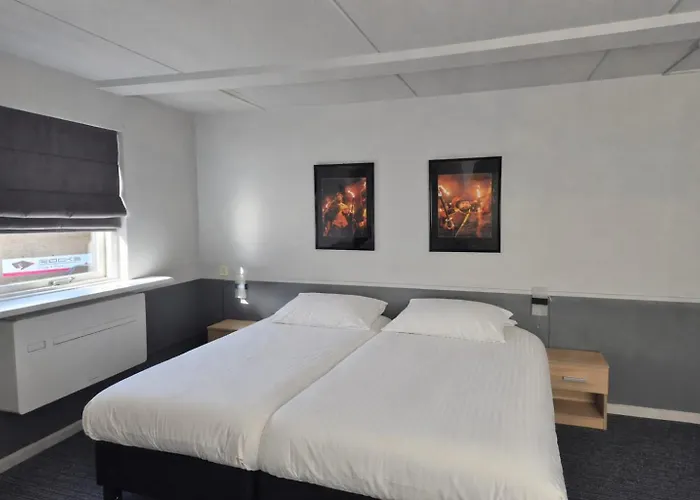 Hotel,cafe,biljart POT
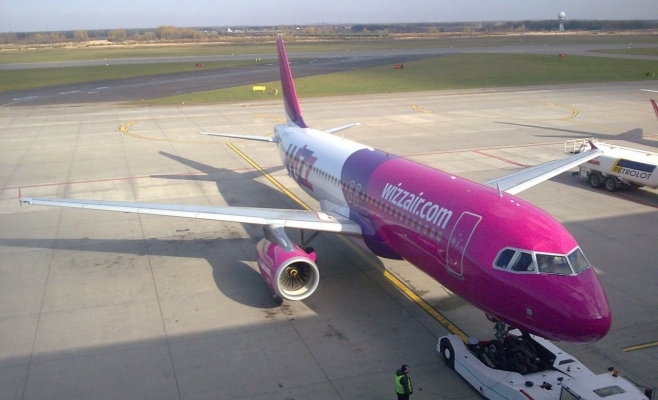 Wizz Air își suspendă rutele între România și Marea Britanie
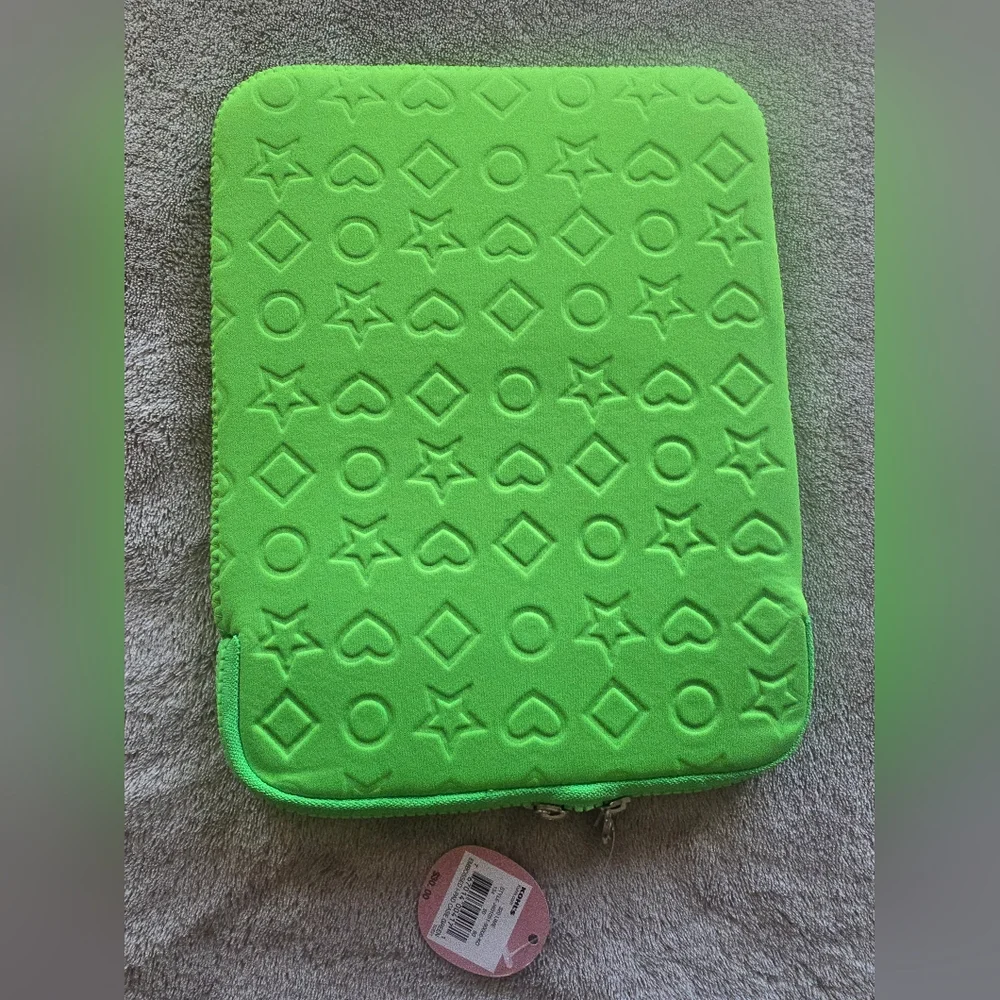 SO ***NEVER USED*** Vibrant Green Tablet Sleeve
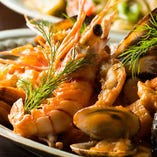本日鮮魚とムール貝と有頭海老のトマト煮込み
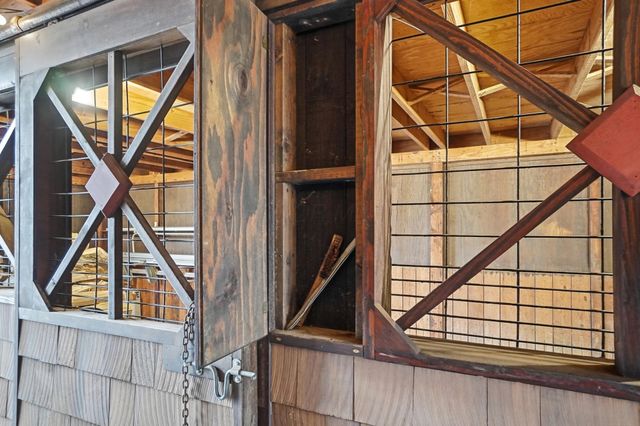 2270 Ginder Road NW, Lancaster, OH 43130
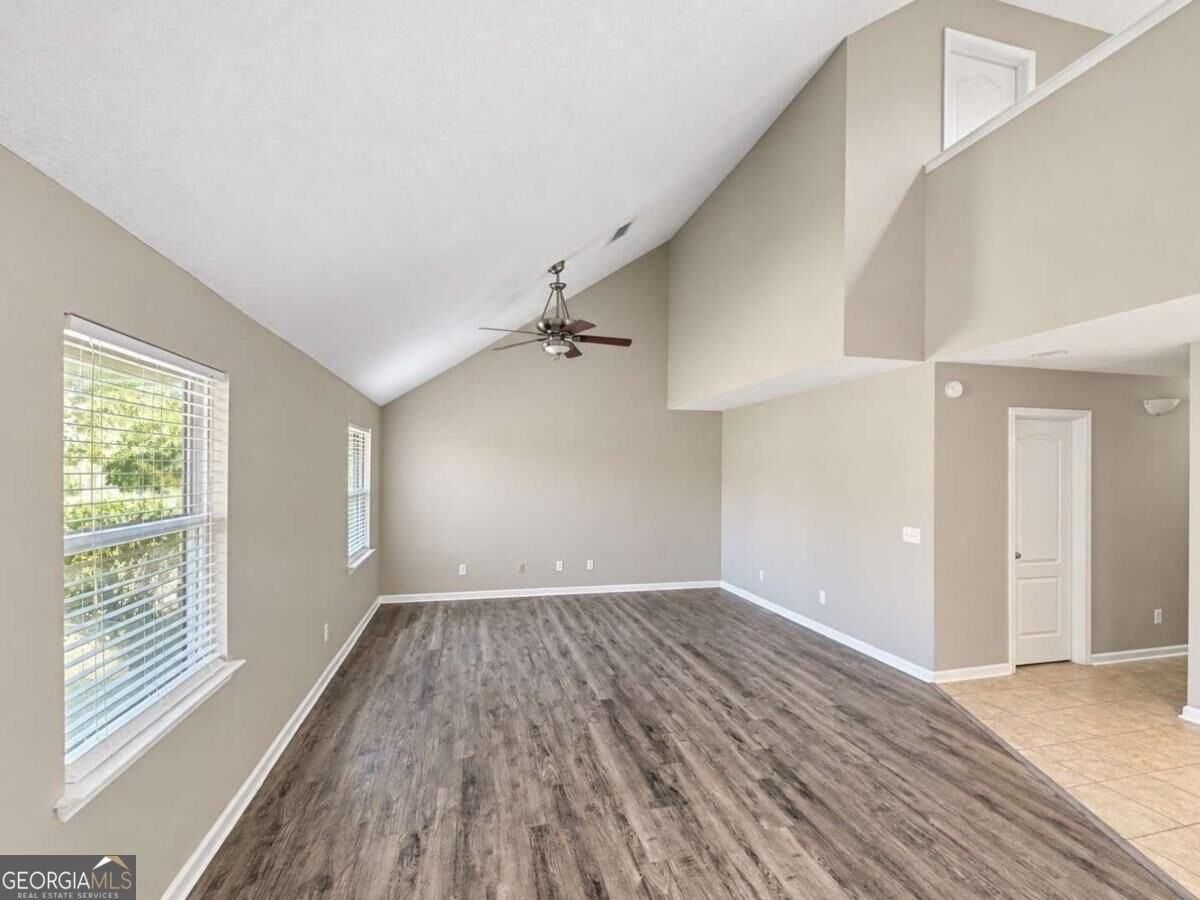 313 Gary Cir - Photo 7 of 43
+++++
### TASK PROMPT
Without any pictures, please write out the lines from the one containing "Wizz Air își" through the final line of the data, exactly and inclusive of both ends.

### ANSWER BOX
 Wizz Air își suspendă rutele între România și Marea Britanie
 SO ***NEVER USED*** Vibrant Green Tablet Sleeve
本日鮮魚とムール貝と有頭海老のトマト煮込み
 2270 Ginder Road NW, Lancaster, OH 43130
 313 Gary Cir - Photo 7 of 43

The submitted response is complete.